Ein Urteil - ganz so, wie versprochen

Ex-Terroristin erhielt zwei Jahre auf Bewährung

Es kam, wie es kommen sollte. Adrienne G., 58 Jahre alt, wurde gestern vom 1. Strafsenat des Berliner Kammergerichts zu zwei Jahren Haft auf Bewährung verurteilt - wegen versuchter Herbeiführung von zwei Sprengstoffanschlägen und Mitgliedschaft in der terroristischen Frauen-Vereinigung Rote Zora. Es geht um die Anschläge auf das Gentechnische Institut in Berlin im Oktober 1986 sowie auf das Bekleidungswerk Adler in der Nähe von Aschaffenburg im Juni 1987. Beide Bomben, gebastelt aus Pappe, Toilettenpapier und Fruchtsaftpackungen, zündeten nicht. Adrienne G., die sich von 1982 bis 1984 von der Lehrerin zur Funkelektronikerin umschulen ließ, hatte zur Zündung der Sprengsätze jeweils einen Wecker gekauft und war bei einem Kauf gefilmt worden.

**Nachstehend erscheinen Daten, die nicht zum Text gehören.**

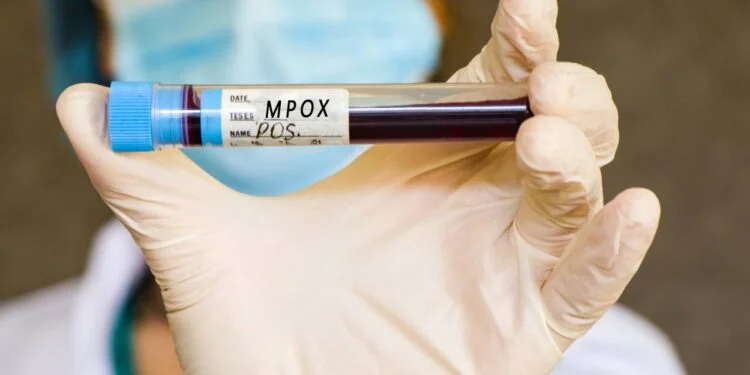 Vacinação contra mpox no Brasil: quem tem direito e onde buscar – Correio Braziliense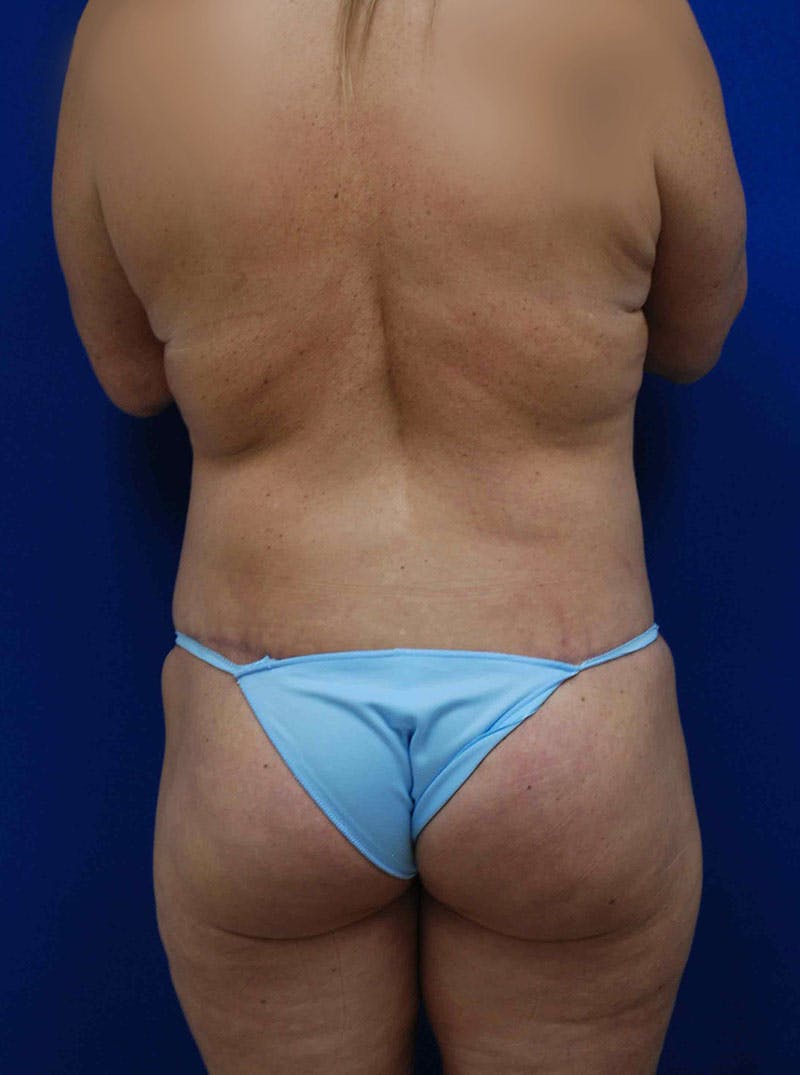 Circumferential Body Lift Before & After Gallery - Patient 175173379 - Image 8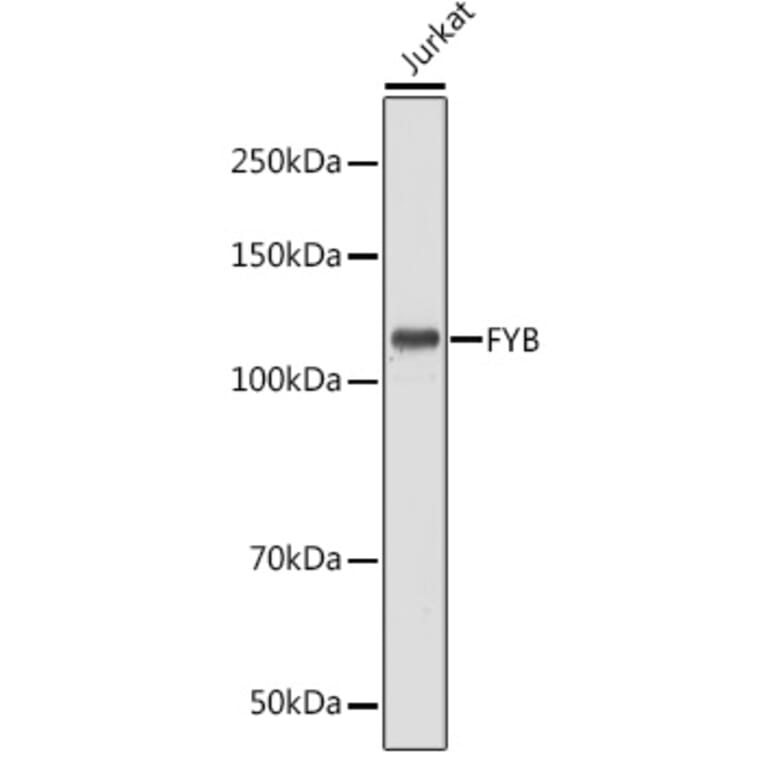 Western Blot - Anti-FYB Antibody (A88166) - Antibodies.com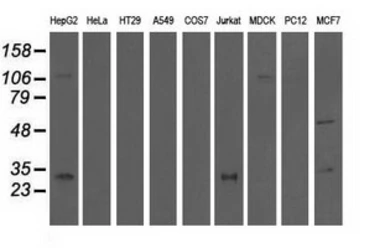 Anti-QPRT antibody [1C10] used in Western Blot (WB). GTX83743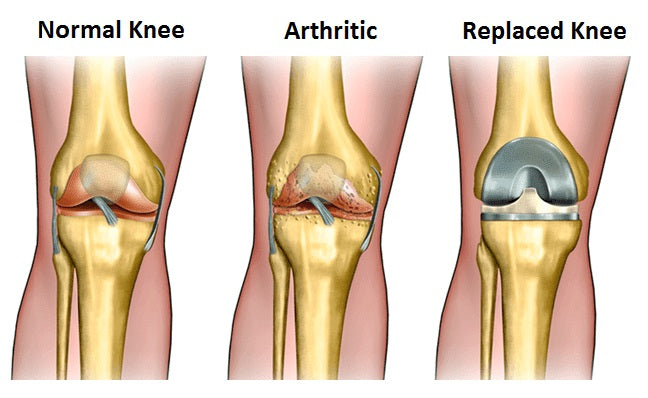 knee replacement 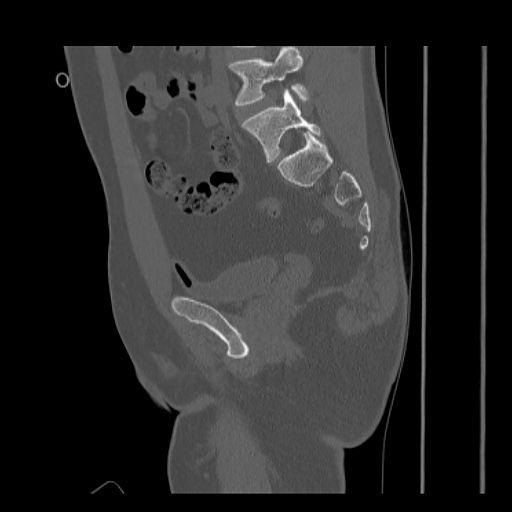 Acetabular and ilial fractures (Radiopaedia 59084-66378 Sagittal bone window 45).jpg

Strafmildernd wertete das Gericht, dass es bei den Anschlägen weder Personen- noch Sachschaden gab und die Taten zudem lange zurückliegen. Zudem hätte es mit "an Sicherheit grenzender Wahrscheinlichkeit" keinen Prozess gegeben, wenn sich die Frau nicht im Dezember 2006 gemeinsam mit ihrem Lebensgefährten gestellt hätte. Dieser soll Mitglied bei der terroristischen Vereinigung Revolutionäre Zellen gewesen sein. Gegen ihn wird gesondert verhandelt, die Anklage ist noch nicht fertig.

Wissentlich und willentlich

Bereits zu Prozessbeginn am vergangenen Mittwoch hatte der Vorsitzende des Senats erklärt, dass diese Strafe im Raum steht, sofern Adrienne G. ein Geständnis ablegt. Das hatte sie getan, wenn auch ohne Details. Die Taten hätten ihrer damaligen politischen Überzeugung entsprochen, ließ sie über ihre Anwältin erklären. Sei sei in der Frauenbewegung aktiv gewesen und habe sich aus politischer Überzeugung "wissentlich und willentlich" der Roten Zora angeschlossen und an der Planung beider Anschläge teilgenommen.

Fast 20 Jahre lang hatte Adrienne G. in der Illegalität gelebt, irgendwo im Ausland, wie sie sagte. Wo sie lebte, sagte sie nicht. Auch nicht, warum sie sich plötzlich gestellt hat. "Mit Mühe", sagte der Richter in der Urteilsbegründung, habe er bei ihr eine gewisse Reue erkennen können. Auch sprach er von einer "gewissen Änderung ihrer politischen Einstellung", wenngleich Adrienne G. in dem dreitägigen Prozess weder von Reue gesprochen noch etwas zu ihrer heutigen politischen Einstellung gesagt hatte.

Vielleicht hatte sie ja einfach nur ganz praktische Erwägungen für ihre Rückkehr nach Berlin. Vielleicht war sie es leid, mit falschen Papieren zu leben. Zudem rückt wohl auch die Frage der Altersrente und Gesundheitsversorgung näher, wenn man 58 Jahre alt ist.